Sweden urges Iran to call up off execution of medical researcher
25 November, 2020
Swedish Foreign Minister Ann Linde said on Tuesday she had spoken to her Iranian counterpart to formally object to the planned execution of an Iranian-Swedish professor.
Ms Linde wrote on Twitter that she had been touching Iranian Foreign Minister Mohammad Javad Zarif subsequent reports that Iran was preparing to carry out the execution of Ahmadreza Djalali, a specialist in emergency medicine who was simply charged with spying.
"Sweden denounces the death penalty and is attempting to not have the sentence against Djalali carried out," Ms Linde wrote on Twitter.
Djalali, who formerly worked on Stockholm in the Karolinska Institute, a medical university, was arrested during a visit to Iran on April 2016.

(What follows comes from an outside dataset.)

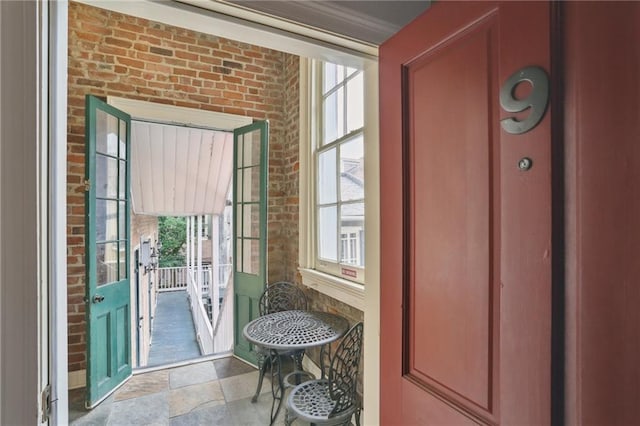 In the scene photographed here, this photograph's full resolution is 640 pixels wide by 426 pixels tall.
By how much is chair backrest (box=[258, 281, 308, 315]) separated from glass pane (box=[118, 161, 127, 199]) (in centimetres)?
155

In October 2017, he was sentenced to death after being found guilty of moving information about several Iranian nuclear scientists to Israel's Mossad intelligence agency, which led to the scientists' assassinations.

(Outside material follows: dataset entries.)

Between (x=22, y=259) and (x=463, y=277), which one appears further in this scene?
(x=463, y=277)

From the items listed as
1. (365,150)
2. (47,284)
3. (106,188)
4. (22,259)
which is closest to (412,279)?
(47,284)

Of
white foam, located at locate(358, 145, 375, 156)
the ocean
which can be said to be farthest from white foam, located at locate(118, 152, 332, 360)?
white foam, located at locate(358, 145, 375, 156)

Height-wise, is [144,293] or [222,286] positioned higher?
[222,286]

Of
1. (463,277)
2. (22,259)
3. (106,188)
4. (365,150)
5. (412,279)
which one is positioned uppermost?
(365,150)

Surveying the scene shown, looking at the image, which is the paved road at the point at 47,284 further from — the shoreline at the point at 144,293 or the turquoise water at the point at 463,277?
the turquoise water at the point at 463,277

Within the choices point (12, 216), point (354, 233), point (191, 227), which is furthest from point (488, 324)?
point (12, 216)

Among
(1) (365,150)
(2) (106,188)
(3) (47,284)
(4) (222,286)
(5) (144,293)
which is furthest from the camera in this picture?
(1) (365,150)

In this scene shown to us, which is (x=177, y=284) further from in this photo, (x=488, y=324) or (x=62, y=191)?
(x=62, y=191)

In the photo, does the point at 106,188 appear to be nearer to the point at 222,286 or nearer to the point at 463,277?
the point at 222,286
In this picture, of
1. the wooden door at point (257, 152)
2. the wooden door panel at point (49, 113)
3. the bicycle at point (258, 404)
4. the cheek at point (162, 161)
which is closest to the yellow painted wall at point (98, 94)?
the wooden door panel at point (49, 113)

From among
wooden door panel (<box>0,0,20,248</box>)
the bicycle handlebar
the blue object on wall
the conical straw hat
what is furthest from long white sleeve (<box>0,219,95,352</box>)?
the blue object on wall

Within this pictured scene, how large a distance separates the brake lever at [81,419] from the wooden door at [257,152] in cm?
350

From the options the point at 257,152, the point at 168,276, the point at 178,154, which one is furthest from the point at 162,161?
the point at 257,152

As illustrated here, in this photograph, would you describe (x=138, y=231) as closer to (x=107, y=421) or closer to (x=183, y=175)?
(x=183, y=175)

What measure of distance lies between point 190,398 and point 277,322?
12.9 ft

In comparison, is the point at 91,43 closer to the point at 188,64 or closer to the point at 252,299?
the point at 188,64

While imprisoned, he was granted Swedish citizenship in February 2018, weeks after his loss of life sentence was confirmed by Iran's Supreme Court.

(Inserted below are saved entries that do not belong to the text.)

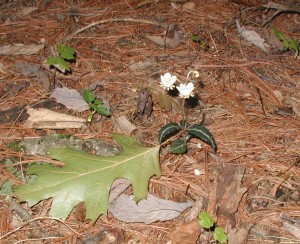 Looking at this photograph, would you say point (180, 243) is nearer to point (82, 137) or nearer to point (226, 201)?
point (226, 201)

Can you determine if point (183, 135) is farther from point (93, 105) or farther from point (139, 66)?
point (139, 66)

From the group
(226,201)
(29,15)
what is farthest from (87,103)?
(29,15)

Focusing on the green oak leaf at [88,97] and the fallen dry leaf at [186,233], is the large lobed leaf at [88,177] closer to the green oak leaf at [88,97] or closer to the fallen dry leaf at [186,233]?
the fallen dry leaf at [186,233]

Djalali claims he's being punished for refusing to spy for Iran while employed in Europe.
His legal representatives also claimed these were blocked from presenting submissions prior to the Supreme Court hearing.
The imprisoned academic has been transferred to solitary confinement in Tehran’s notorious Evin Prison, and his wife indicated that the execution was imminent.
Barbro Elm, a good spokeswoman for Sweden's foreign ministry, told AFP they were aware of the studies of the "impending execution of the sentence" and were trying to clarify them.
Djalali's death sentence possesses been widely condemned by human rights groupings and simply by UN human rights specialists, with Amnesty International repeatedly phoning for Djalali to be freed.
“It really is appalling that in spite of repeated cell phone calls from UN people rights experts to quash Ahmadreza Djalali’s loss of life sentence and launch him, the Iranian authorities have got instead decided to push because of this irreversible injustice. They need to immediately halt any plans to execute Ahmadreza Djalali and end their shocking assault on his right to existence," Diana Eltahawy, Amnesty's deputy director for the Middle East and North Africa, said in a statement on Tuesday.
"We ask members of the foreign community to immediately intervene, including through their embassies on Tehran, to save Ahmadreza Djalali's lifestyle before it is too later," she added.